Though British Home Secretary (interior minister) David Blunkett has sought to strip Hamza of his British citizenship and deport him, the legal battle has dragged on for years while Hamza keeps calling down the wrath of God.
Despite tougher anti-terrorism laws, the police, prosecutors and intelligence chiefs across Europe say they are struggling to contain the openly seditious speech of Islamic extremists, some of whom, they say, have been inciting young men to suicidal violence since the 1990s.
One chapter in Mohammad's lectures these days is "The Psyche of Muslims for Suicide Bombing."
The authorities say that laws to protect religious expression and civil liberties have the result of limiting what they can do to stop hateful speech. In the case of foreigners, they say they often are left to seek deportation, a lengthy and uncertain process and subject to legal appeals, during which the suspect can keep inciting attacks.
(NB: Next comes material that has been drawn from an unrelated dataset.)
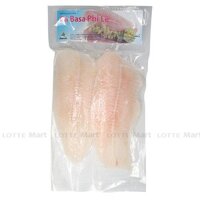 Cá Ba Sa Phi Lê Đông Lạnh Thoại An 454G (ea)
That leaves the authorities to resort to less effective means, such as mouse-trapping Islamic radicals with immigration violations in hopes of making a deportation case stick.
"In many countries, the laws are liberal and it's not easy," an official said.
While some clerics, like Abu Qatada -- said to be the spiritual counselor of Mohamed Atta, who led the Sept. 11 hijacking team -- remain in prison in Britain without charge, others like Mohammad, leader of a movement called Al Muhajiroun, carry on a robust ideological campaign.
Mainstream Muslims are outraged by the situation, saying the actions of a few are causing their communities to be singled out for surveillance and making the larger, non-Muslim population distrustful of them.
Muhammad Sulaiman, a stalwart of the mainstream Central Mosque here, was penniless when he arrived from the Kashmiri frontier of Pakistan in 1956. He raised money to build the Central Mosque and now leads a campaign to ban Al Muhajiroun radicals from the city's 10 mosques.
"This is show-off business," he says in accented English. "I don't want these kids in my mosque."